### [Dataset content]
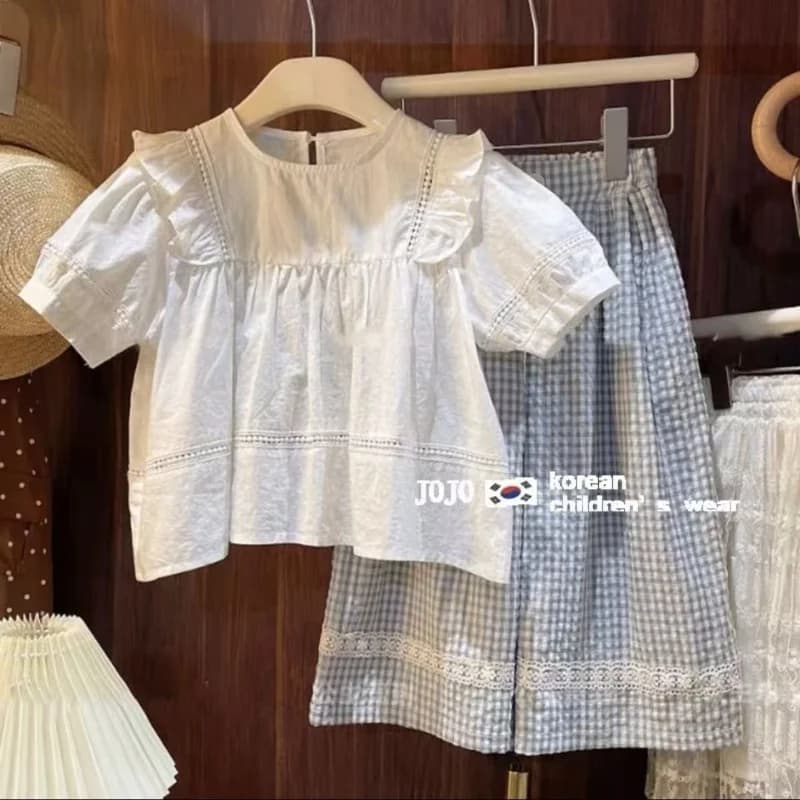 Camicia Pantaloni a quadretti Set Primavera ed estate Nuova moda coreana All-match Camicia per bambole in pizzo carino Pantaloni casual scozzesi Set da 2 pezzi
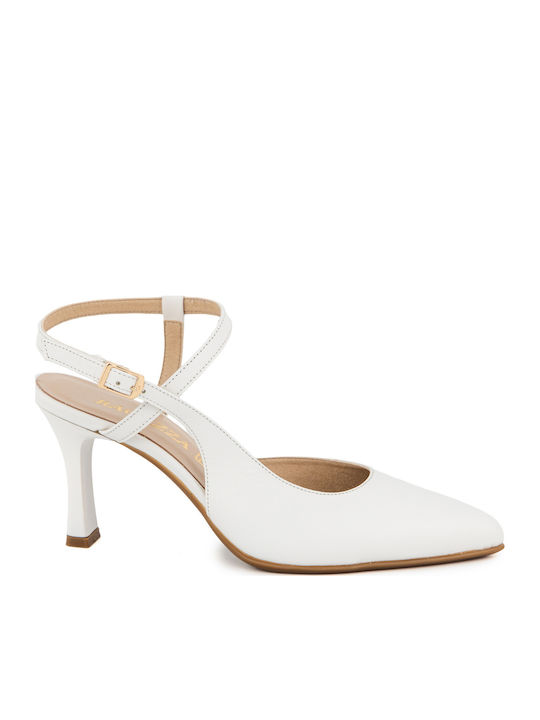 Ragazza Leather White Heels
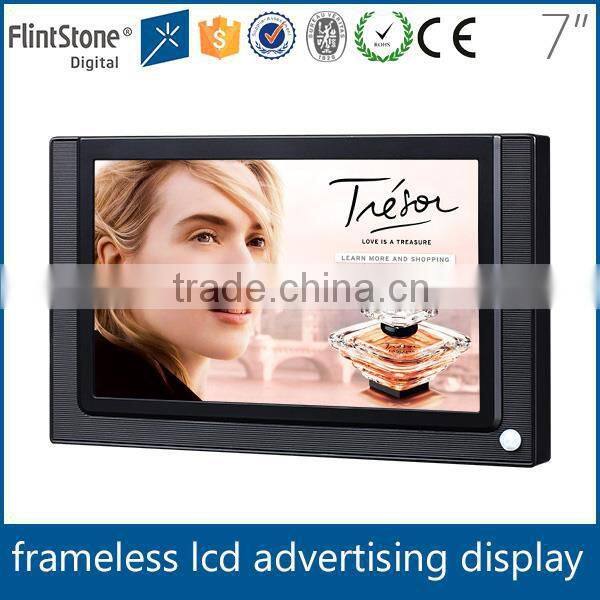 Flintstone 7 inch motion activated ir body sensor auto loop play small lcd ad display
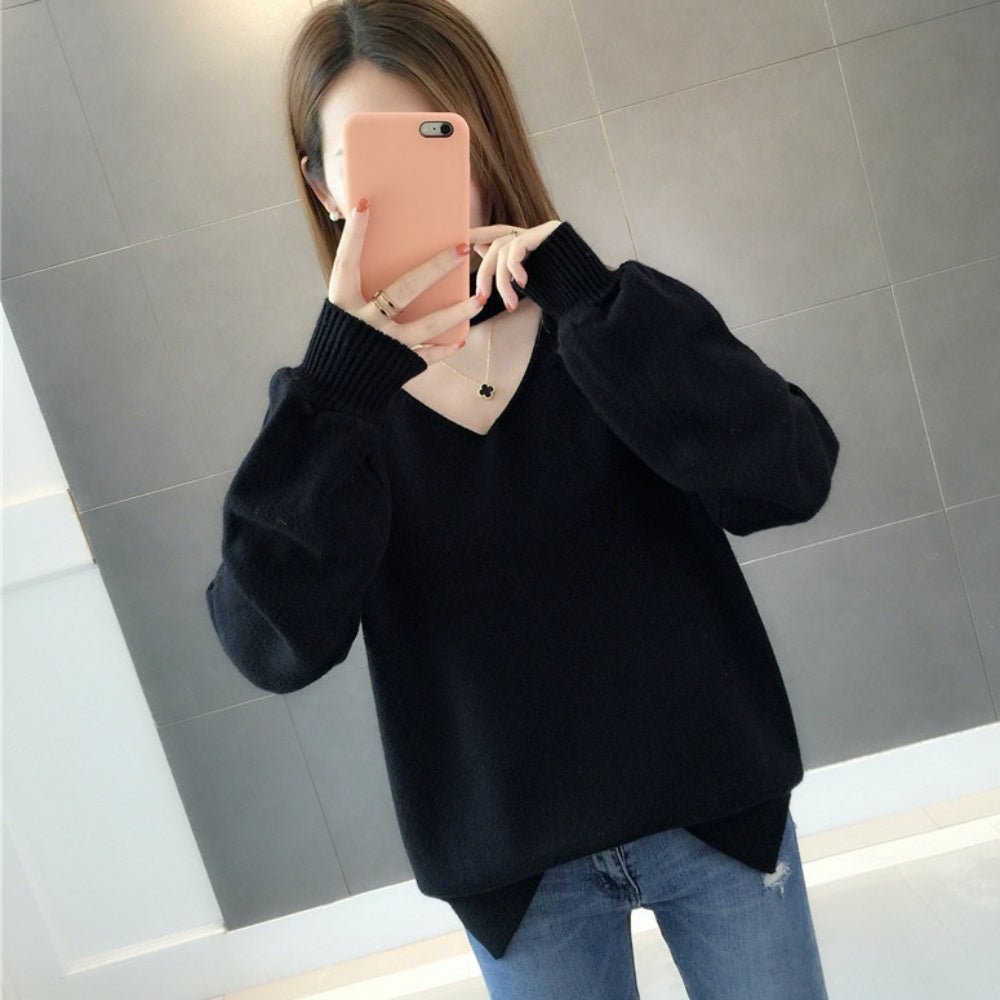 おしゃれVネックランタンスリーブニット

### [Your objective]
Print the lines from the one that contains "Flintstone 7 inch" through the final line of the material above, exactly and only those, with pictures left out.

### [Your solution]
 Flintstone 7 inch motion activated ir body sensor auto loop play small lcd ad display
 おしゃれVネックランタンスリーブニット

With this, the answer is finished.